*Exercise data*.

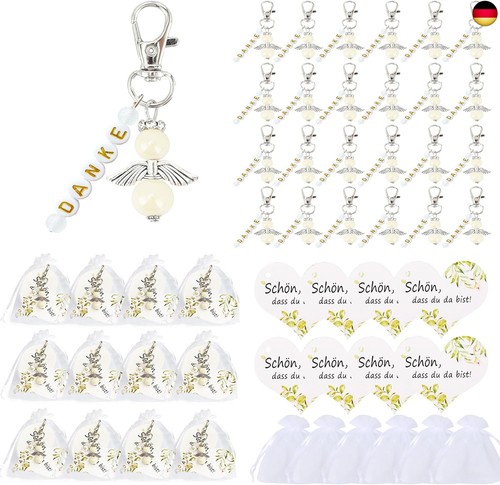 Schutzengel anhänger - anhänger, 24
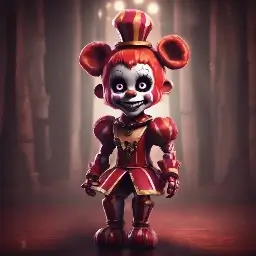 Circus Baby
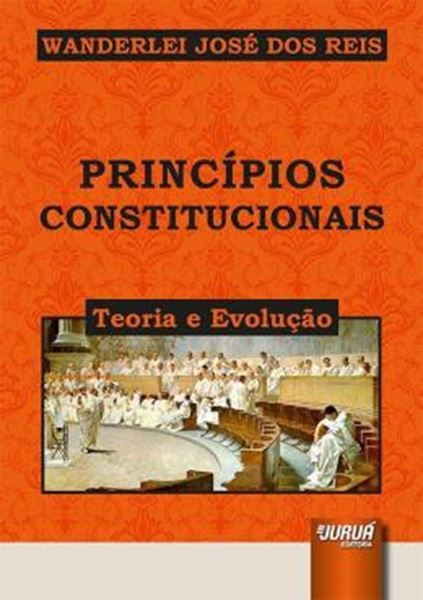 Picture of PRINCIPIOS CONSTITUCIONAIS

==

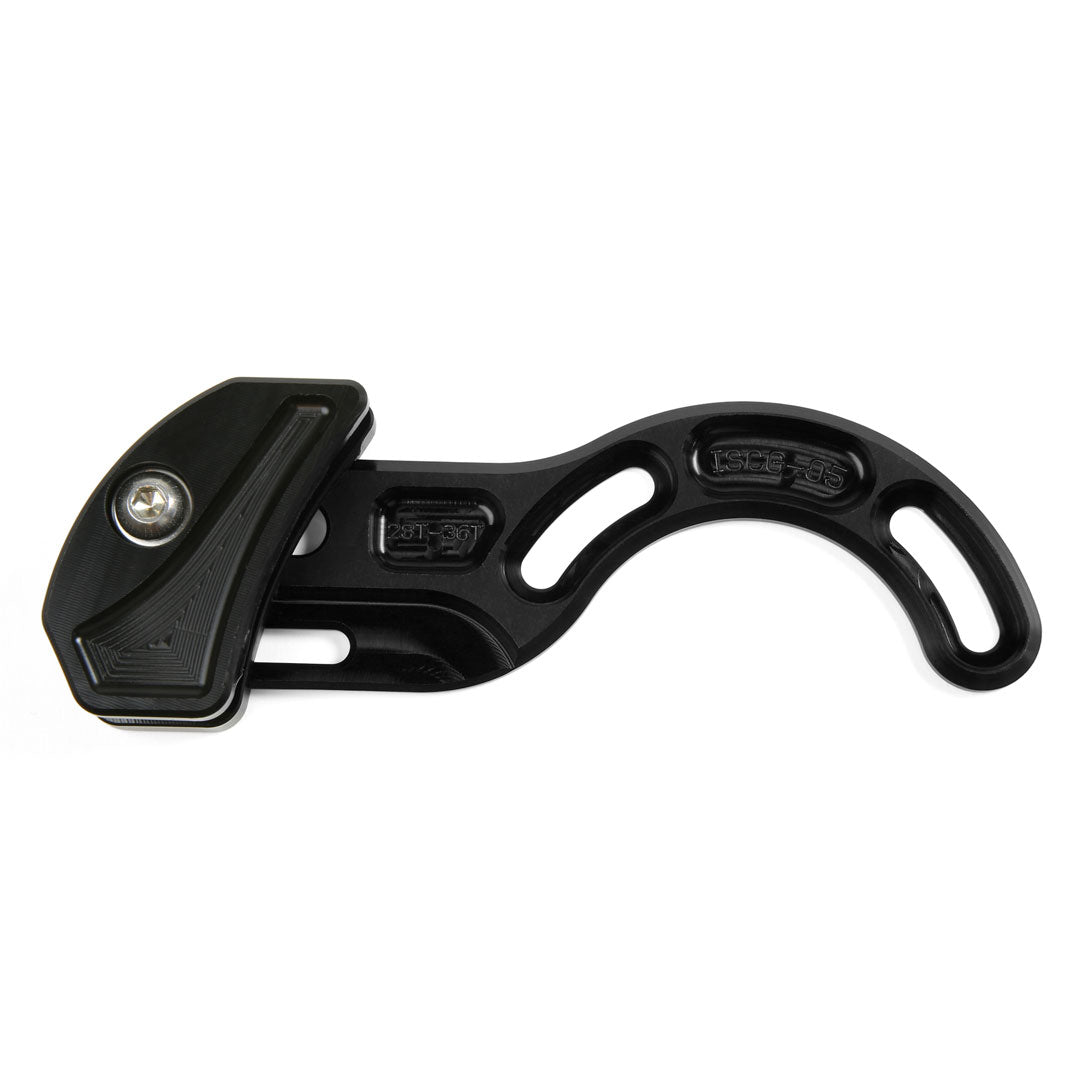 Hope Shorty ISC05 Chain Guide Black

*Task description*.
What you write out is the stretch of entries from the line containing "Schutzengel anhänger - anhänger, 24" to the line containing "Picture of PRINCIPIOS CONSTITUCIONAIS", word for word, with both end lines and no pictures.

*Output for this exercise*.
 Schutzengel anhänger - anhänger, 24
 Circus Baby
 Picture of PRINCIPIOS CONSTITUCIONAIS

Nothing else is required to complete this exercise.